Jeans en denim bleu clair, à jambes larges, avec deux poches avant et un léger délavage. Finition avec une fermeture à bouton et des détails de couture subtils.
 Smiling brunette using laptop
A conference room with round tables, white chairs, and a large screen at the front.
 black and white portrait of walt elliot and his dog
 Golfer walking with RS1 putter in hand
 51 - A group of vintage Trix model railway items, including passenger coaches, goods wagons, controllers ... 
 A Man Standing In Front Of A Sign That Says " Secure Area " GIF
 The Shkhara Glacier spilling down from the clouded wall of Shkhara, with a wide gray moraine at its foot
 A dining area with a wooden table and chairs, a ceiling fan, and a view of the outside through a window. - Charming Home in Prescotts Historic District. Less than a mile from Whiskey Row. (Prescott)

WORK REQUIRED: Everything starting at the line containing "51 - A group" and ending at the line containing "The Shkhara Glacier" in the records above should be repeated exactly, and only that.

EXERCISE RESPONSE:
 51 - A group of vintage Trix model railway items, including passenger coaches, goods wagons, controllers ... 
 A Man Standing In Front Of A Sign That Says " Secure Area " GIF
 The Shkhara Glacier spilling down from the clouded wall of Shkhara, with a wide gray moraine at its foot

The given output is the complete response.